A Single Punctuation Mark Has Been Skewing Our Entire System of Scientific Ranking

You might think that Science and scientists would get this right but hey they’re just human.

One of the common ways in which scientific papers are ranked and considered to be relevant or not as relevant is how often they are cited by other scientific.

There are a couple of databases out there that do this job for the fields involved. Well it turns out that there’s a fatal flaw in the mechanism by which this works. If a paper has a hyphen in its title it will not get cited correctly or ranked as getting cited as much as it would if it did not have the hyphen and the more hyphens it has the worse the effect.

that such a simple flaw could be hanging around in the background skewing whole fields it almost boggles the mind until you remember that it’s human beings feeding the system and as we like to say in information technology garbage in garbage out.

when the people who are writing the papers go to put in the citations do they get it right or wrong.
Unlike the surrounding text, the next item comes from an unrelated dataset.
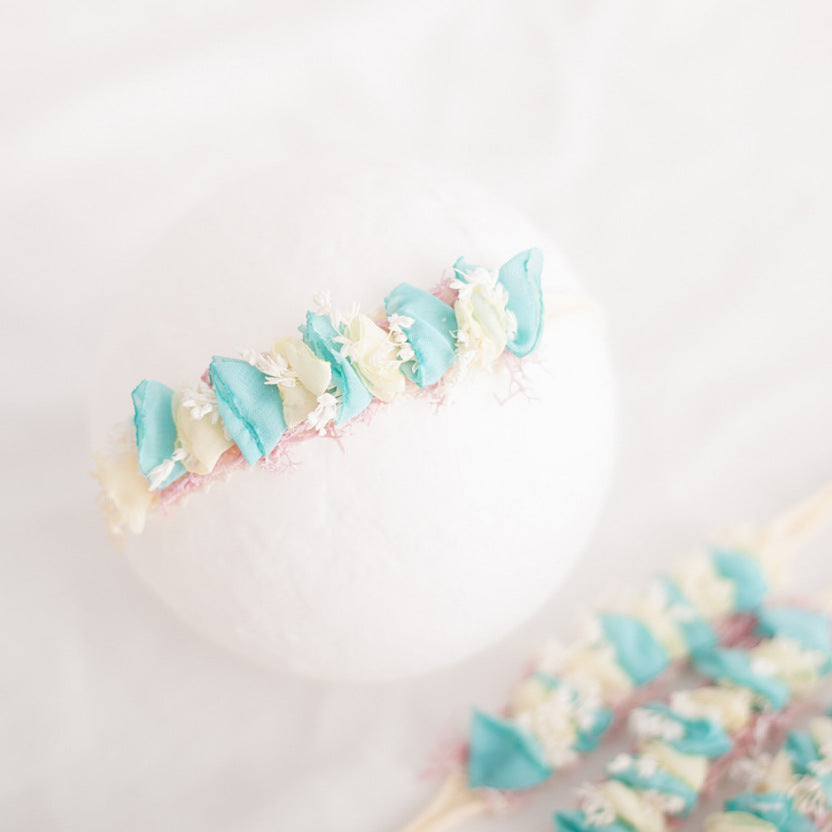 Baby Hair Band Newborn Photo Full Moon Photo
Does that – have a space before and after or not? Is it a character in some coding standard like ASCII but the database has it in some variant of ANSI? Or some other chapter coding scheme?

if you have never had to code text processing and search algorithms in databases and data ingestion systems you might not think that that’s such a big deal but boy is it ever – computers just do what you ask them to do and nothing more unless you have prepared them in a way for this kind of stuff.